Another March 19 has arrived. Like clockwork, the star jasmine has burst into bloom, ushering in the season. I breathe in its dizzying scent. What am I to do with this reminder of how sweet the flowers were when my son Noah took his life 12 years ago?
I make a rare trip to the cemetery with my husband, Bryan. Noah’s gravestone looks ancient now amid the many shiny newer ones, whose end dates jump up at me: 2017, 2019, 2023. Why couldn’t he have lived those extra years? How much he could have learned, loved, created; how much more we could have enjoyed him. Why wasn’t he in the midst of a long life, like the old Russians with graves nearby?
Bryan
and I stand over the stone and catch Noah up on the news.
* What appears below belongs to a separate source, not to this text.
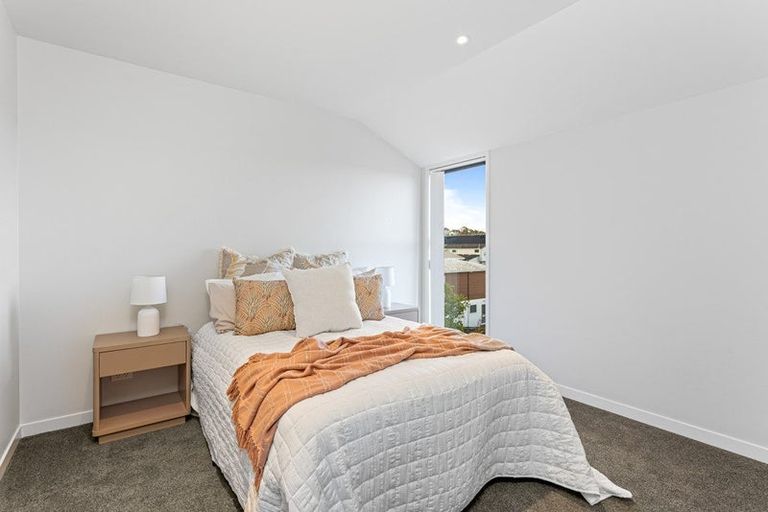 Photo of property in 174c Archers Road, Glenfield, Auckland, 0629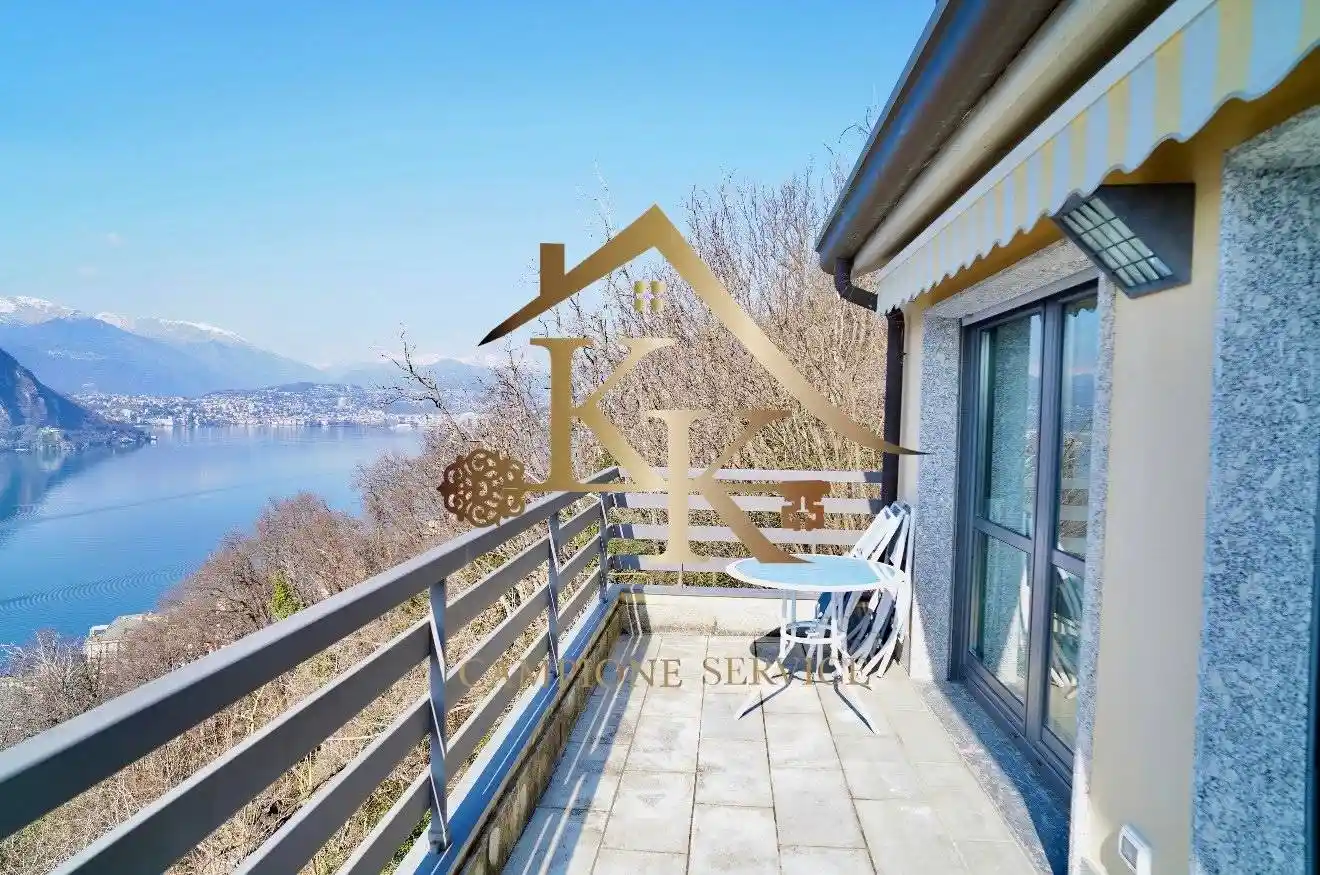 Villa in vendita a Campione d'Italia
The little blips of
our lives: the ski trip we just had with his brother, the 70th
anniversary of his grandparents, how his best friend cooked dinner for us—all places
he should have been. The Eaton wildfire that miraculously spared our house but destroyed
his childhood neighborhood, leaving a wasteland he wouldn’t believe. The larger
disasters swirling around our country and our world at this moment—also at a
scale he wouldn’t have thought possible. How Noah might have
helped us weather these storms.
I tell Noah about my new book of grief poems. For the first time, I read one of the poems aloud to him. It’s about how much I miss him and would gladly “go out to eat w you, anywhere./ Even yr favorite sopping lasts-all-day/chicken burrito at Lucky Boy. You/lucky so long, then not.” Maybe I'll come back to the grave one day and read him the whole book.
As is
customary, we stop to rinse our hands with flowing water before leaving the
cemetery. We’re getting back in the car when a tiny yellow finch alights on the
fountain, a welcome flash of life.
I told
myself a year or two ago that going forward, I would try to pay more attention
to Noah’s birthday than his death day. But March 19 is carved into my
consciousness. It tolls like a gong from my calendar: Beware. Take care. Leave
this day free. So Bryan and I will do what we often do to remember Noah: Start
the day at his favorite donut place. Bring a photo album to take on a walk at
one of his surf spots. Write his name on the beach.
Recently,
I heard the space-age sound of an incoming Skype call on the news and my mind
immediately flew to Noah at 17, calling us from his host family’s home in
France. How I missed him during his long senior year abroad; how I lived to
hear the telltale ping of his Skype call. How little I knew how deeply
depressed he was there after a break-up; might an intervention then have
prevented his crisis at 21? Had I known how short his life would be, might I
have pleaded with him to stay home?
I place
camelias from the yard on Noah’s grave, leave kisses in all the O’s engraved on
his stone.
To
my fellow survivors: How are you moving through your grief and days of
remembrance? What smells or sounds sparks memories of your loved one?